» **THE PROBLEM**
In the material below, begin at the line that has "Peak (Im Gang-hyeok)", stop after the line that has "Manga-lc-com อ่านมังงะ อ่านการ์ตูน", and transcribe those lines exactly, without pictures.

» **RECORDS**
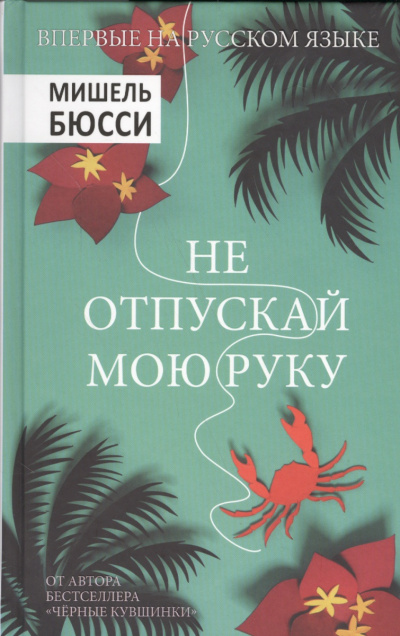 Бюсси Мишель - Не отпускай мою руку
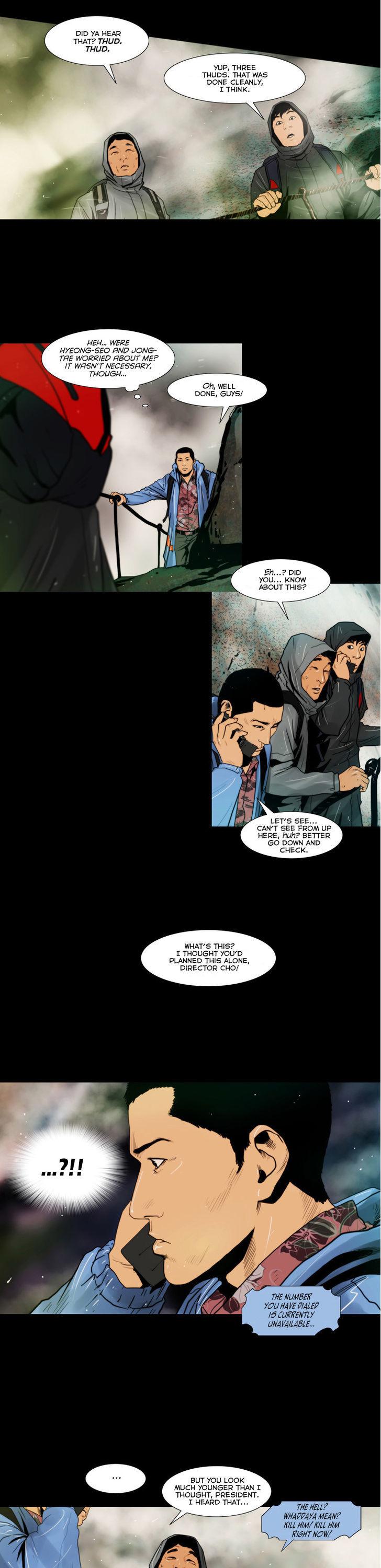 Peak (Im Gang-hyeok) Chapter 78 page 5 - Chapter 78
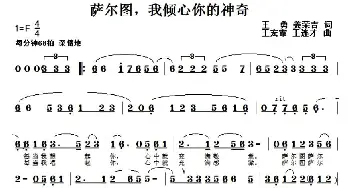 萨尔图，我倾心你的神奇_民歌简谱_词曲:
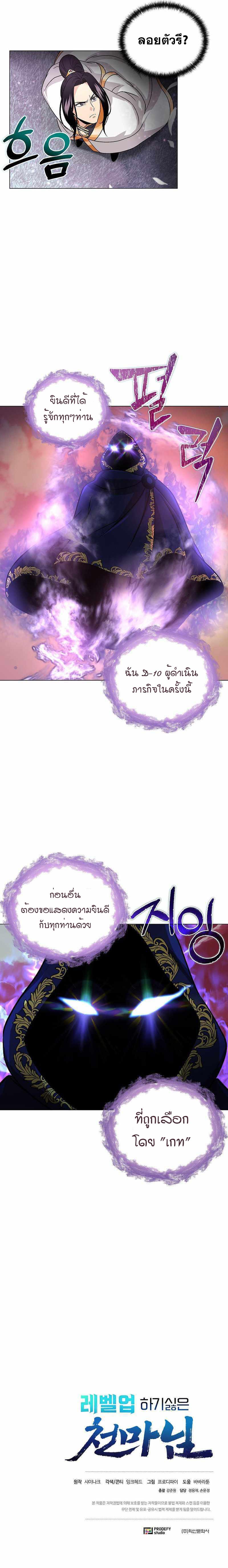 Manga-lc-com อ่านมังงะ อ่านการ์ตูน ออนไลน์ ฟรี The Heavenly Demon Lord Who Doesn’t Want to Level Up ตอนที่ 1 2 3 4 5 6 7 8 9 10 11 12 13 14 ฟรี ไม่มีโฆษณา Manga-lc - อ่าน มังงะ อ่าน การ์ตูน ออนไลน์ อ่านมังงะ ฟรี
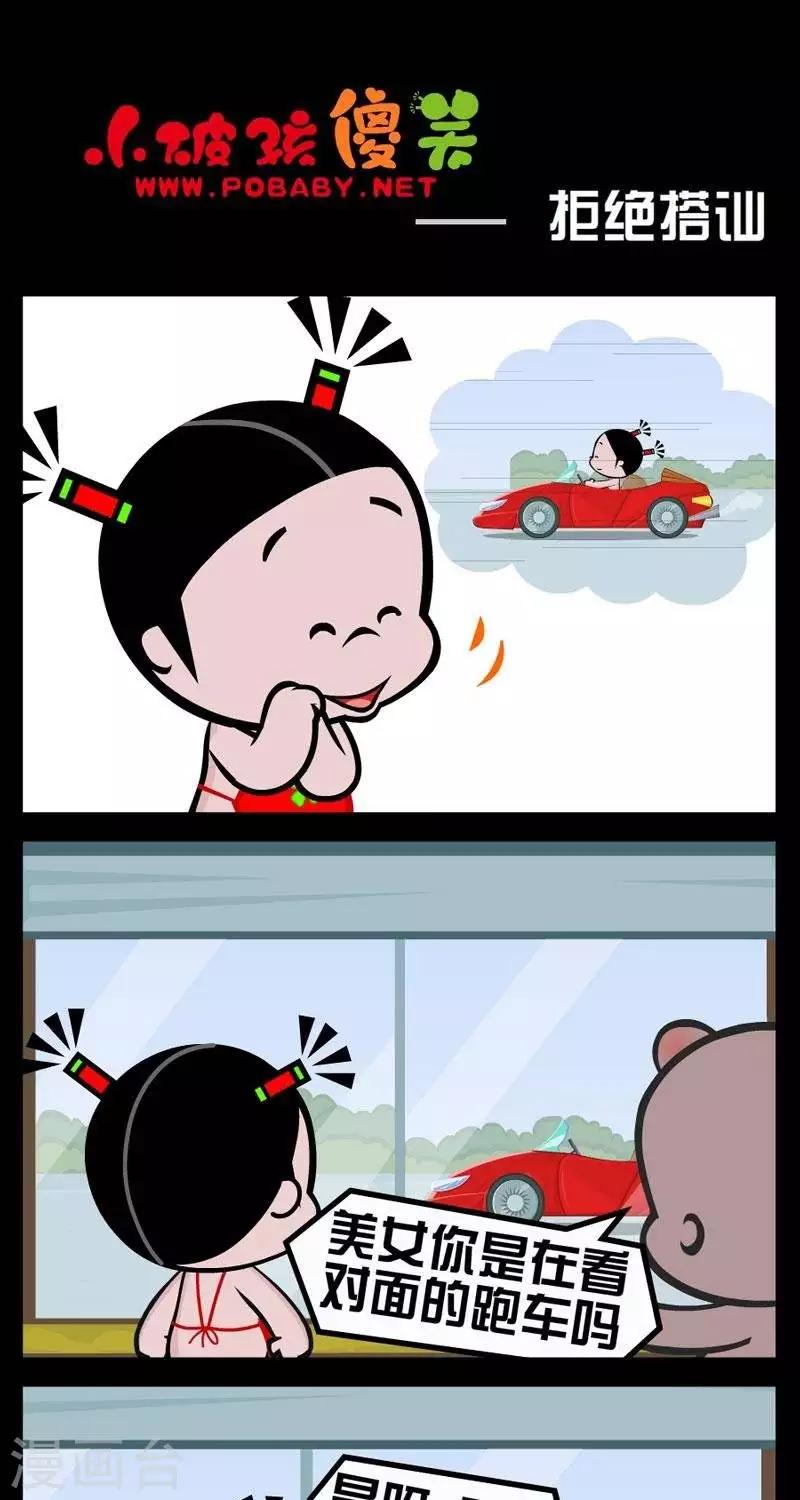 第296话  拒绝搭讪-第296话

» **TASK ANSWER**
 Peak (Im Gang-hyeok) Chapter 78 page 5 - Chapter 78
 萨尔图，我倾心你的神奇_民歌简谱_词曲:
 Manga-lc-com อ่านมังงะ อ่านการ์ตูน ออนไลน์ ฟรี The Heavenly Demon Lord Who Doesn’t Want to Level Up ตอนที่ 1 2 3 4 5 6 7 8 9 10 11 12 13 14 ฟรี ไม่มีโฆษณา Manga-lc - อ่าน มังงะ อ่าน การ์ตูน ออนไลน์ อ่านมังงะ ฟรี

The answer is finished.